LONDON: Britain’s No 2 house builder Persimmon Plc. is buying smaller rival Westbury Plc. for 643 million pounds in what is considered as one of the biggest takeover deals in British housing industry. It is paying 560 pence for a share of Westbury, a premium of 13 per cent over the latter’s closing price on 11 November, when the buyout talks began.
The company formally announced today that it has already acquired 30 million shares constituting 26.2 per cent of the total holding.
It said the takeover will help it to build about 16,700 homes across the country in 2006, overtaking market leader Barratt Developments. The deal will also put the company in the FTSE 100 index, the first homebuilder to find a spot in the index since 1990.
Persimmon’s chief executive John White said the deal will give the company more buying power and expand its geographical coverage. Savings on administration and supplies are estimated to amount to more than 25 million pounds in 2006, rising to at least 40 million pounds the following year. The one-off costs related to the takeover have been put at around 12 million pounds. Its debts will rise to 1.2 billion pounds, including Westbury’s 270 million of borrowings, but White is confident he can reduce it by half in a year’s time.
Persimmon said it will close down eight offices, including Westbury’s head office in Cheltenham.
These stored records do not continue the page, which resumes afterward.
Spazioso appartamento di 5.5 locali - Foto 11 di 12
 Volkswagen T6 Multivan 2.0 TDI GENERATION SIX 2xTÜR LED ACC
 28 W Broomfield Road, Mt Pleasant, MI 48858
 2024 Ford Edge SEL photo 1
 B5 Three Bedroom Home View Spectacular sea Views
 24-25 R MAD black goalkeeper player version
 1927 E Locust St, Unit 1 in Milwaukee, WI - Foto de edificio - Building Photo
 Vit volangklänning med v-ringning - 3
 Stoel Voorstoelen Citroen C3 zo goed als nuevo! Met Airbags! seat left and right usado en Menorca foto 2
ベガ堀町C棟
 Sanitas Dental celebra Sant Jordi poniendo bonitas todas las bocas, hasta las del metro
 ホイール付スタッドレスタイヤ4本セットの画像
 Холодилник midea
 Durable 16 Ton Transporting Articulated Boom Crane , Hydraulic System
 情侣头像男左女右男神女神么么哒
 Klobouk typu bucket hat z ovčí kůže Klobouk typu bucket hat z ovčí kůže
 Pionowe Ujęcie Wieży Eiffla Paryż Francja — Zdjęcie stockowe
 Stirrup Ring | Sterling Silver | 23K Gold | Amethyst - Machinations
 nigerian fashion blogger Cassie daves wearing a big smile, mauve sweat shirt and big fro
This may lead to a “few hundred” job losses, the company said.
Two firms, Wimpey and Taylor Woodrow, were keen to buy Westbury but in view of Westbury’s board agreeing to the Persimmon offer, there is some finality now.
Westbury had reported a 26 per cent fall in its profits last month, which made it a target for takeover.
Westbury’s chief executive Nigel Fee is expected to gain 853,000 pounds by way of his shareholding in the company and around 500,000 pounds in salary compensation.